How does migrated kafka consumer behave after repartitioning while cluster migration?

88 views Asked by At

I have couple of conceptual doubts on the behaviour of consumers.

Cluster migration gives great opportunity while repartition topics which are over partitioned or under partitioned in current cluster.

  1. So in this case of repartitioning in destination cluster, offset to records mapping is not going to be same in the destination cluster as of the source. Does it mean consumer cannot resume the job from target cluster from where it is left in source cluster as __consumer-offsets will not have same mapping?

  2. Replicator uses offset translation using timestamp, does that help in this case.? If yes, replicator’s translation can’t be used for clients other than Java clients. How can I manage this scenario for other than Java clients?
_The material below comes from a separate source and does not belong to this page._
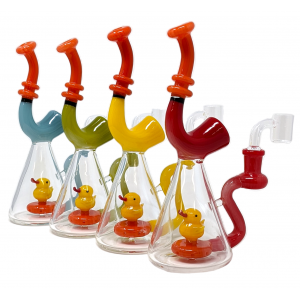 8.5" Ducky Perc Double Ring Saxophone Water Pipe Rig - [WSG010]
  3. I am not sure if cluster linking allows you to repartition as it is a byte-to-byte copy. Can you please help me understand this as well? Does MM2 have any configurations to cover this?

Please help me understand this, thank you.

1

There are 1 answers

1
ChristDist On

Not sure about the migration strategy you are after, but you can correlate with the following. If you are migrating from one infra to another infra

Set auto.offset.reset = earliest on the consumer side, so that all newly produced events will be picked from Offset 0 of all respective partitions. Check mark should be made, where you move your Producer first and wait for all the messages drained out by the existing consumers and then move your consumers pointing to the new cluster.
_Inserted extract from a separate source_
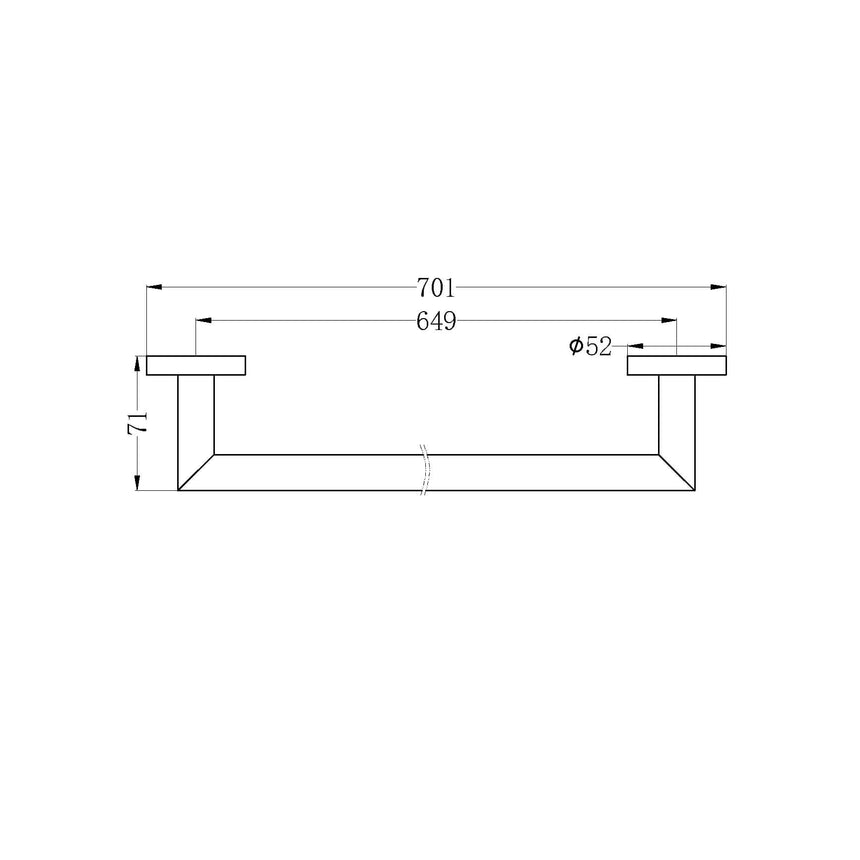 Nero Dolce Single Towel Rail 700mm Matte Black Bathroom Accessories Nero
And clarifying your concerns, from the documentation

  1. MirrorMaker contains a utility class RemoteClusterUtils to enable consumers to seek to the last checkpointed offset in a DR cluster with offset translation when failing over from a primary cluster. Support for periodic migration of consumer offsets was added in 2.7.0 to automatically commit translated offsets to the target __consumer_offsets topic so that consumers switching to a DR cluster can restart from where they left off in the primary cluster with no data loss and minimal duplicate processing. Consumer groups for which offsets are migrated can be customized, and for added protection, MirrorMaker does not overwrite offsets if consumers on the target cluster are actively using the target consumer group, thus avoiding any accidental conflicts.

  2. Mirror‐Maker, uses a Kafka topic for storing offset translation metadata. Offsets are stored whenever the difference between the two offsets changes. For example, if offset 495 on the primary mapped to offset 500 on the DR cluster, we’ll record (495,500) in the external store or offset translation topic. If the difference changes later due to duplicates and offset 596 is mapped to 600, then we’ll record the new mapping (596,600). There is no need to store all the offset mappings between 495 and 596; we just assume that the difference remains the same and so offset 550 in the primary cluster will map to 555 in the DR. Then when failover occurs, instead of mapping timestamps (which are always a bit inaccurate) to offsets, we map primary offsets to DR offsets and use those. One of the two techniques listed previously can be used to force consumers to start using the new offsets from the mapping.

  3. No. MirrorMaker periodically checks for new topics in the source cluster and starts mirroring these topics automatically if they match the configured patterns. If more partitions are added to the source topic, the same number of partitions is automatically added to the target topic, ensuring that events in the source topic appear in the same partitions in the same order in the target topic.